Sunday, October 23, 2016
Read it, Irv: "Design Is Better Than Enforcement To Make Cities Safer For Everyone."
I apologize for doing this, but since the article is very short and directly addresses current social media yammering over the Upper Spring road diet and (impending?) two-way street plan, I'm reprinting it in its entirety. Look at these ideas as the antidotes to the Stumlers, Padgetts and Seabrooks of our community.
Design Is Better Than Enforcement To Make Cities Safer For Everyone, by Charlie Sorrel (Fast Coexist)
Ticketing drivers isn't the answer to create streets that are friendly for pedestrians and cyclists.
Much as cyclists might like to see bad drivers punished for their distracted driving and their bike-harassing crimes, enforcement isn't the most effective way to make the streets safer. The best way to stop "accidents" is to design better roads.
Slower cars means safer roads, and while adding speed cameras and reducing speed limits can help, nothing beats a design that stops drivers from speeding in the first place. Also, slower cars mean less injury in the case of a collision, but again, avoiding the collision to begin with is even better.
Alon Levy, writing for Pedestrian Observations, makes the argument for better infrastructure. One of the main causes of accidents is driver fatigue and sleepiness, which is in turn caused in large part by monotony. You're a lot more likely to doze of on a long stretch of featureless highway, with mile after mile of unchanging scenery, then you are to fall asleep while navigating curved country lanes or narrow city streets.
"It is better to design roads to have more frequent stimuli: trees, sidewalks with pedestrians, commercial development, [and] residential development," writes Levy. Another trick is to make lanes narrower. Drivers speed up in wider lanes, and they're also pedestrian-hostile, making it harder to cross streets safely. Narrowing them helps in both cases, and could create more space at the side of the road for bigger sidewalks or wider bike lanes.
Levy cites Sweden as a good example of road redistribution. In Stockholm, the few arterial roadways in the city have "seen changes giving away space from cars to public transit and pedestrians." Many roads only have one lane in each direction for cars, with other lanes given over to pedestrians, buses, and bikes. Levy also covers "setbacks," the wasted land in front of a building that sets it back from the road. Some U.S. zoning laws mandate these setbacks, and these should be repealed, for a more pedestrian-friendly space.
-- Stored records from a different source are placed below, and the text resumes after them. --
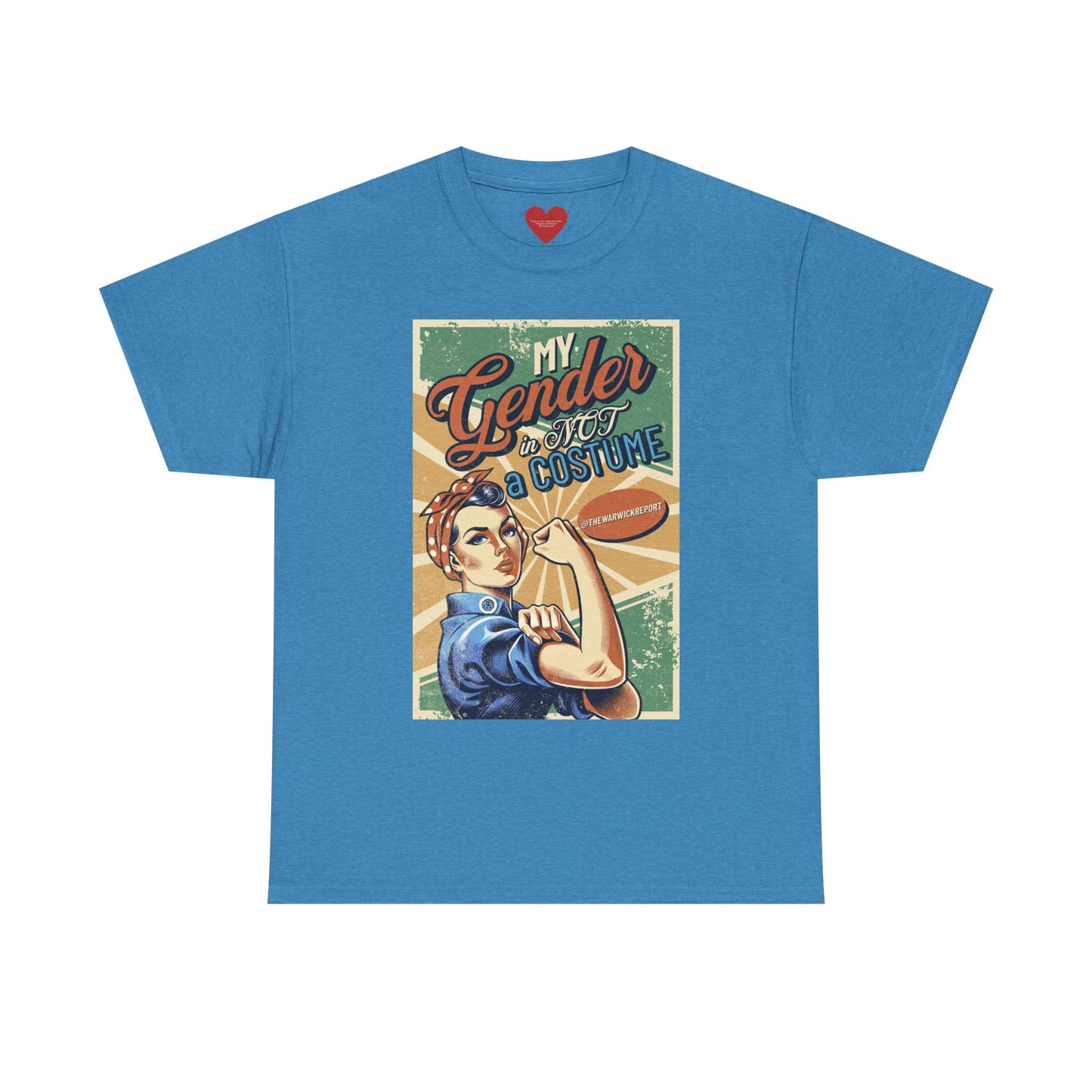 my gender is not a costume rosie tee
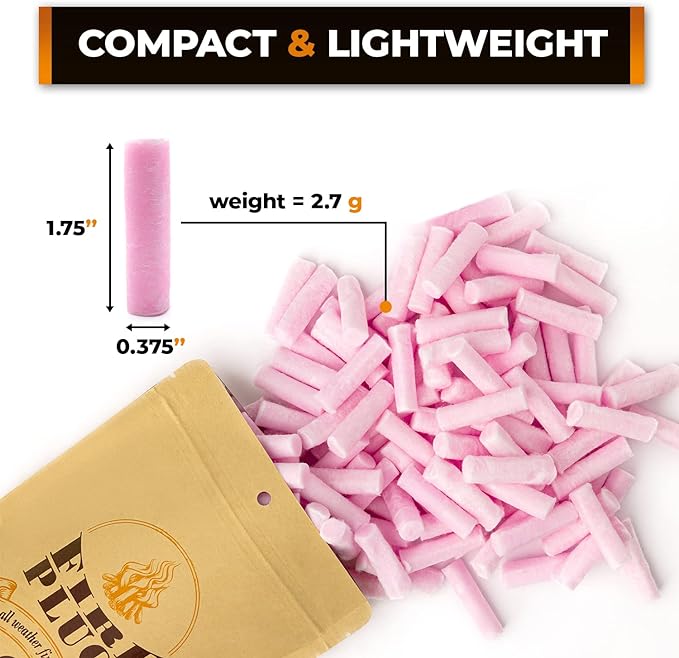 Non-Toxic Waterproof Fire Starters with 5+ Minute Burn for Emergencies, Survival, Campfires, Fire Pits, Grills - Made in The USA - 200 Pack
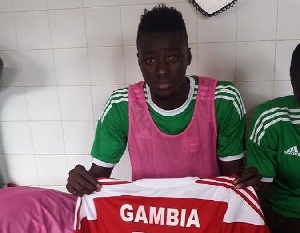 Gambia vice captain, Sang Pierre Mandy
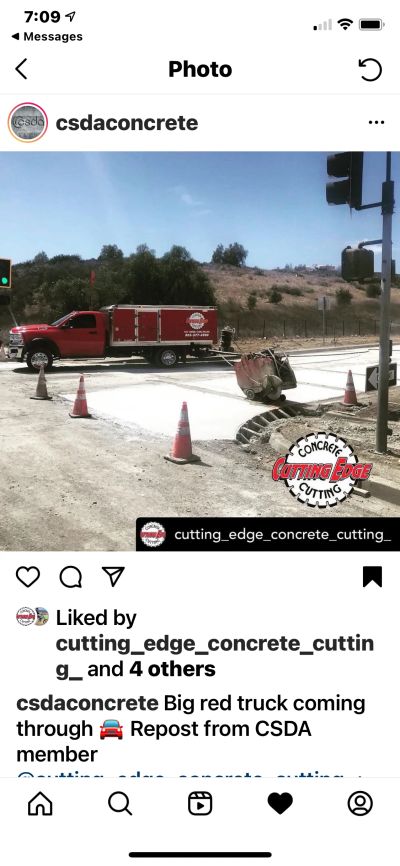 Professional concrete cutting service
Another urban problem is drivers using residential streets as shortcuts between larger roads. In the U.K., these are called "rat-runs." The problem chokes otherwise quiet streets at rush hour, as well as making the streets more dangerous at off-peak hours, as cars hurtle down roads where children should be playing and bikes should be ambling. The solution, common in the Netherlands, is to block one end of the street to motor vehicles with posts that let cyclists and pedestrians pass unmolested.
Urban sprawl, and the unchecked ingress of the automobile into every area of our cities, is clearly the problem. And better infrastructure, designed to make driving more difficult in order to make cites better for everyone, is an obvious solution. But it requires bold decisions, like the Barcelona's controversial Super Block scheme, and those decisions require a political will that is often too weak in the face of bullying from car drivers. Design may be more important than enforcement, then, but it's strong politics that will make those changes.